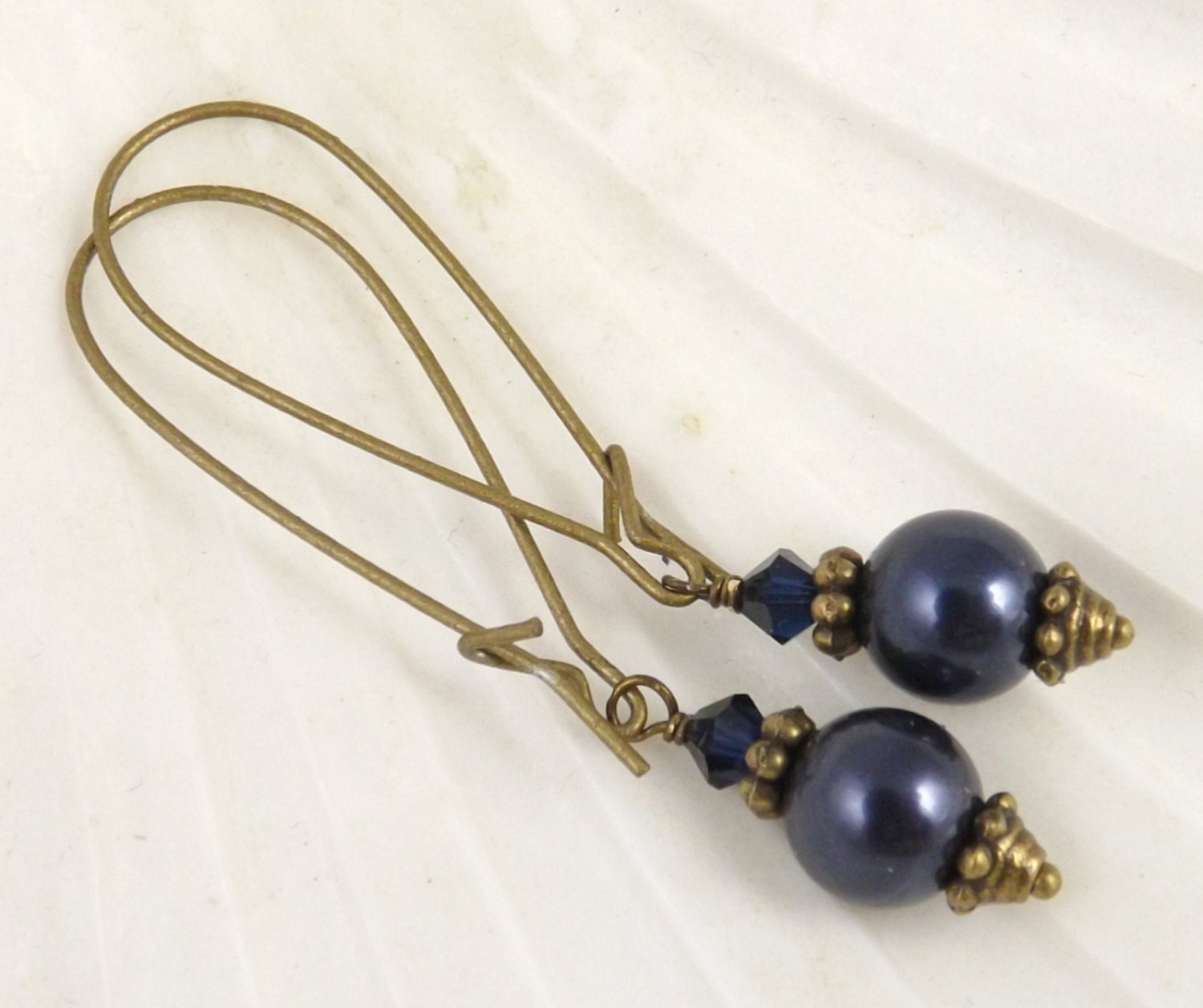 Long and Lively Navy Blue Pearl Earrings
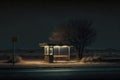 a deserted bus stop, with no sign of life in sight, at night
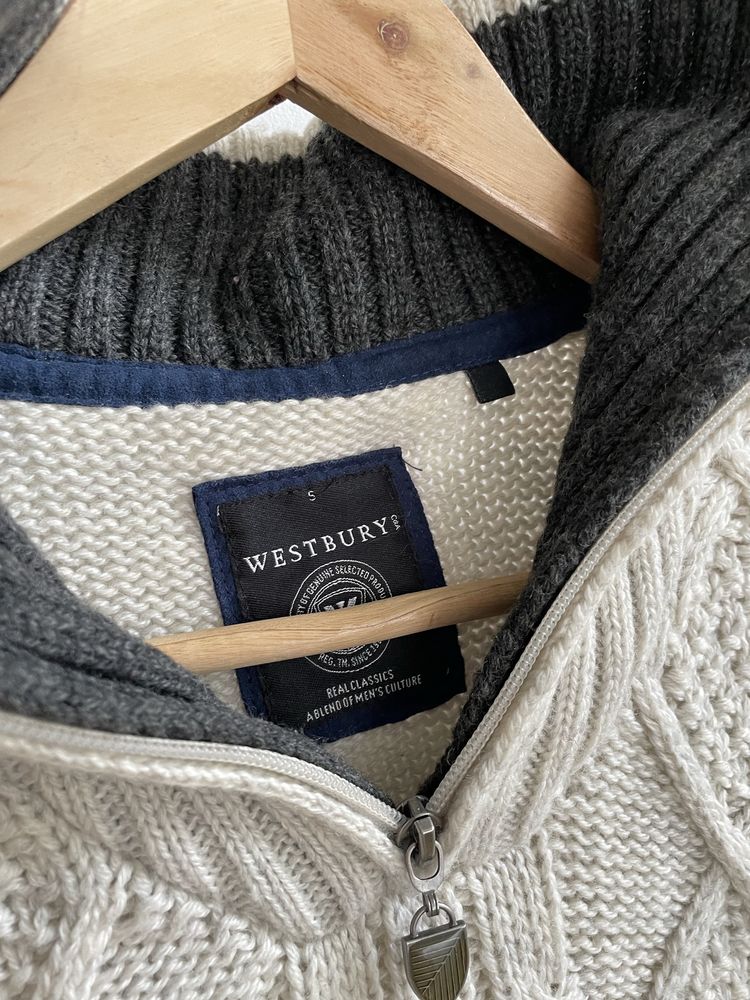 Męski elegancki sweter z zamkiem Westbury S M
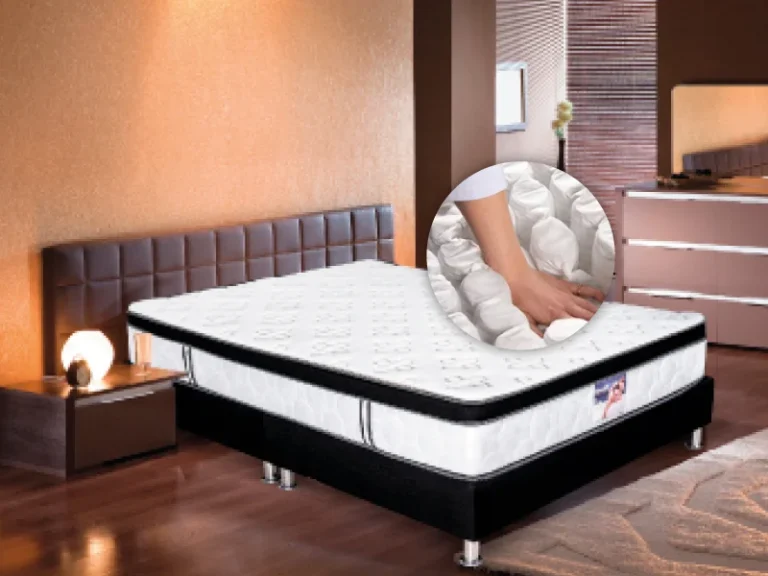 Colchón Euro Box en dormitorio con tonos cálidos y acogedores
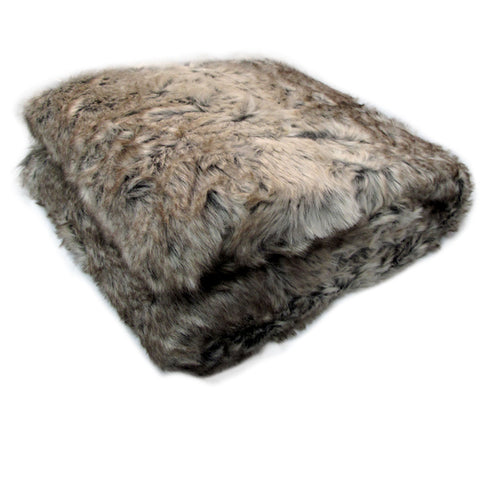 Wolf Faux Animal Fur Throw Rug Blanket 127 x 152cm Taupe Brown Black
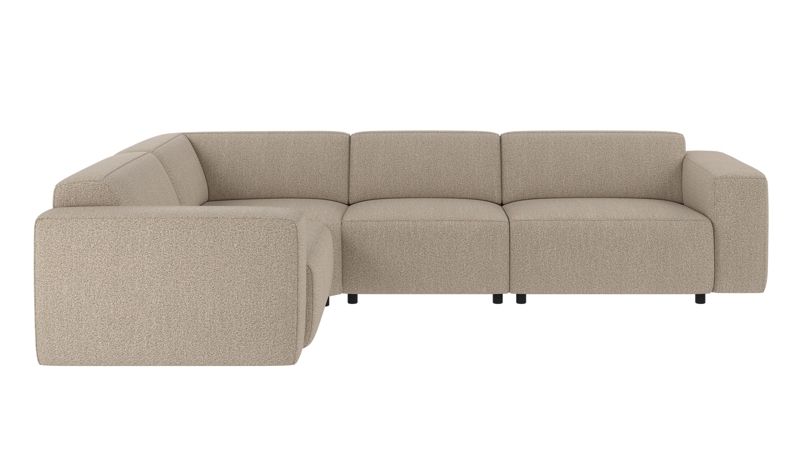 150026 b sb A Willard corner sofa 2+3-seater dark beige fabric Sandra #904 (c2).
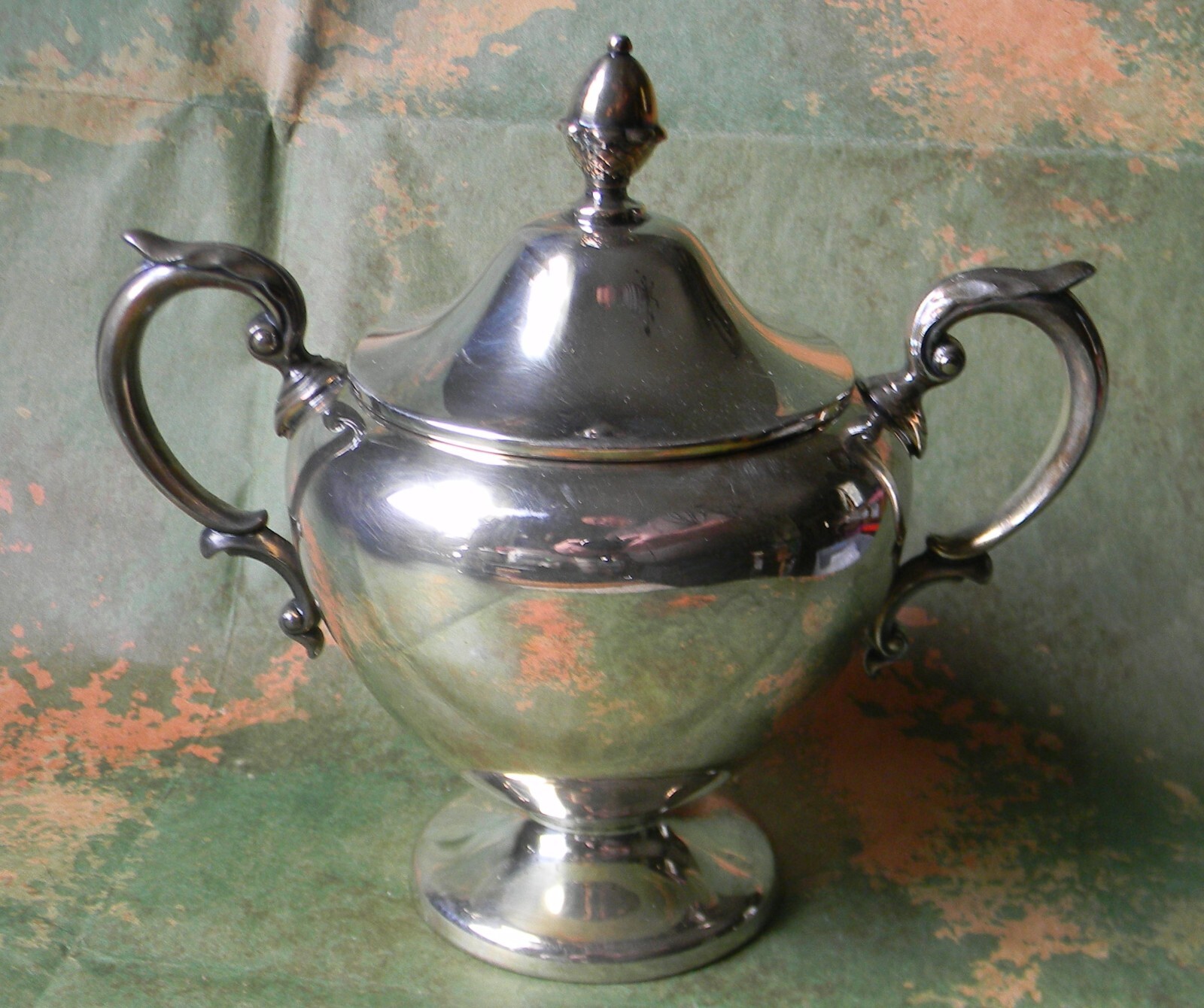 Wallace Silver (Silverplate, Hollowware) ~ ALDEN ~ Sugar Bowl & Lid, 4in, #9655S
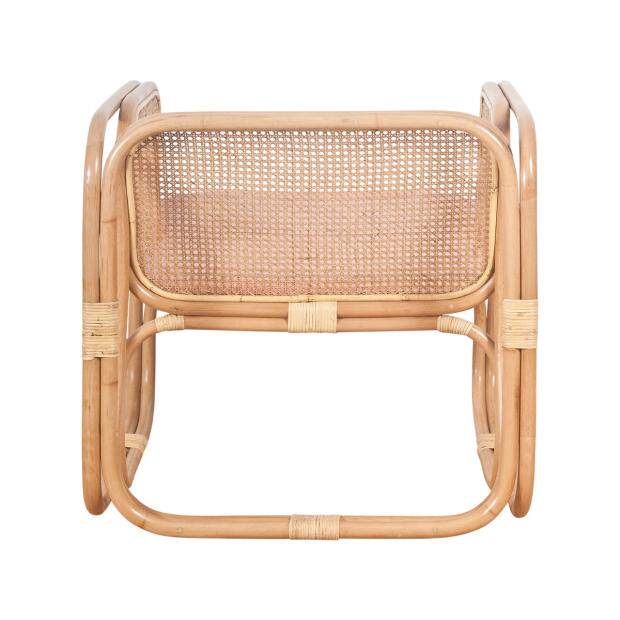 Rattan Accent Chair with Pink Cushion, Natural Cane Lounge Chair, Boho Wicker Armchair for Living Room, Bedroom, Balcony, Sunroom, Covered Patio, Reading Nook, Cafe, and Apartment Decor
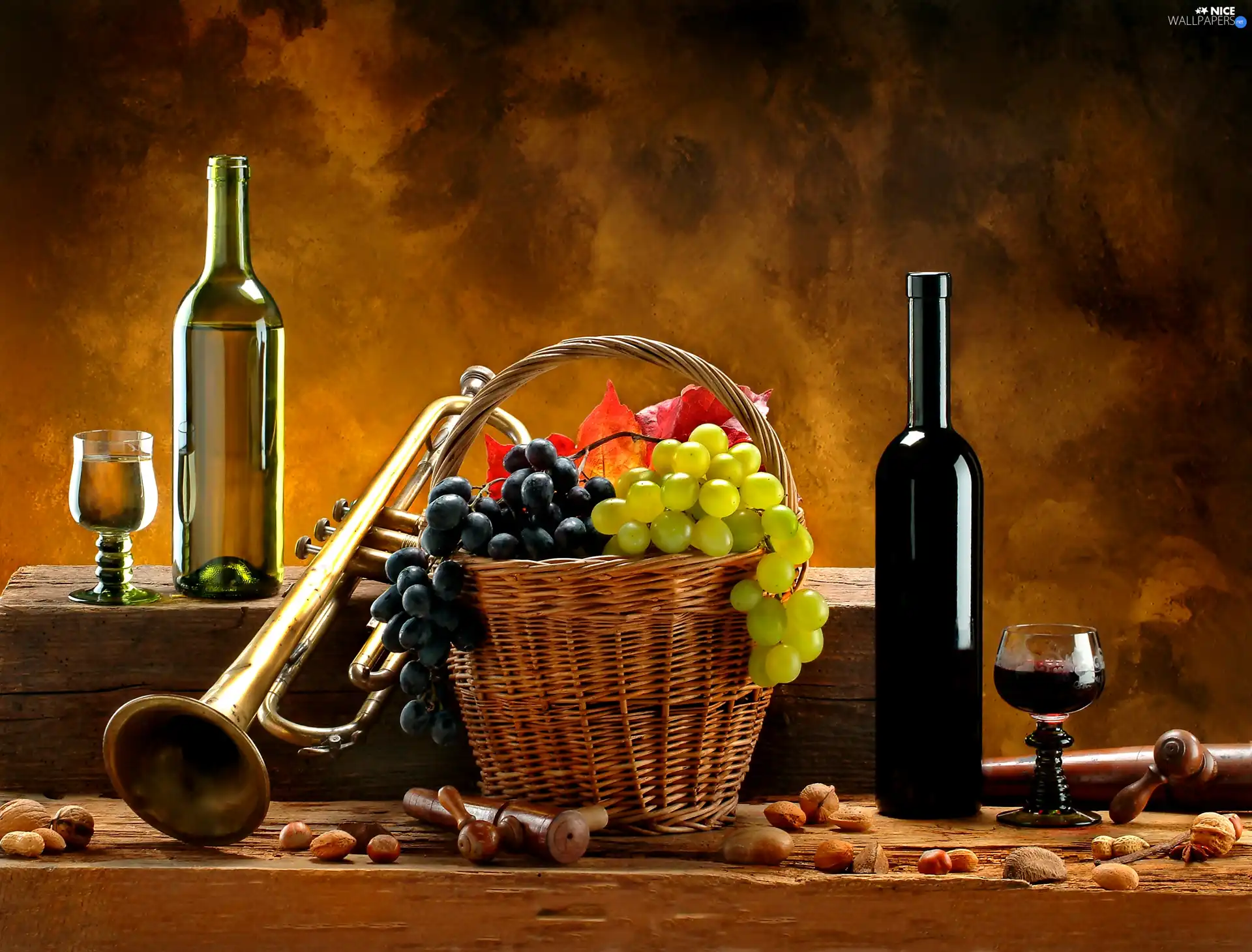 basket, trumpet, Wine, grapes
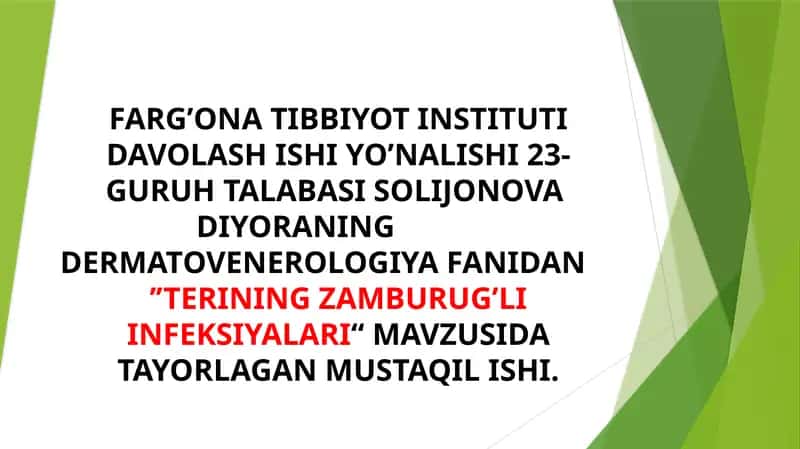 Terining Zamburug'li Infeksiyalari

=====

▶ **DIRECTIONS**
What you output must be exactly the lines from the line with "Colchón Euro Box" through the last line of the listing, pictures excluded.

▶ **TASK RESULT**
 Colchón Euro Box en dormitorio con tonos cálidos y acogedores
 Wolf Faux Animal Fur Throw Rug Blanket 127 x 152cm Taupe Brown Black
 150026 b sb A Willard corner sofa 2+3-seater dark beige fabric Sandra #904 (c2).
 Wallace Silver (Silverplate, Hollowware) ~ ALDEN ~ Sugar Bowl & Lid, 4in, #9655S
 Rattan Accent Chair with Pink Cushion, Natural Cane Lounge Chair, Boho Wicker Armchair for Living Room, Bedroom, Balcony, Sunroom, Covered Patio, Reading Nook, Cafe, and Apartment Decor
 basket, trumpet, Wine, grapes
 Terining Zamburug'li Infeksiyalari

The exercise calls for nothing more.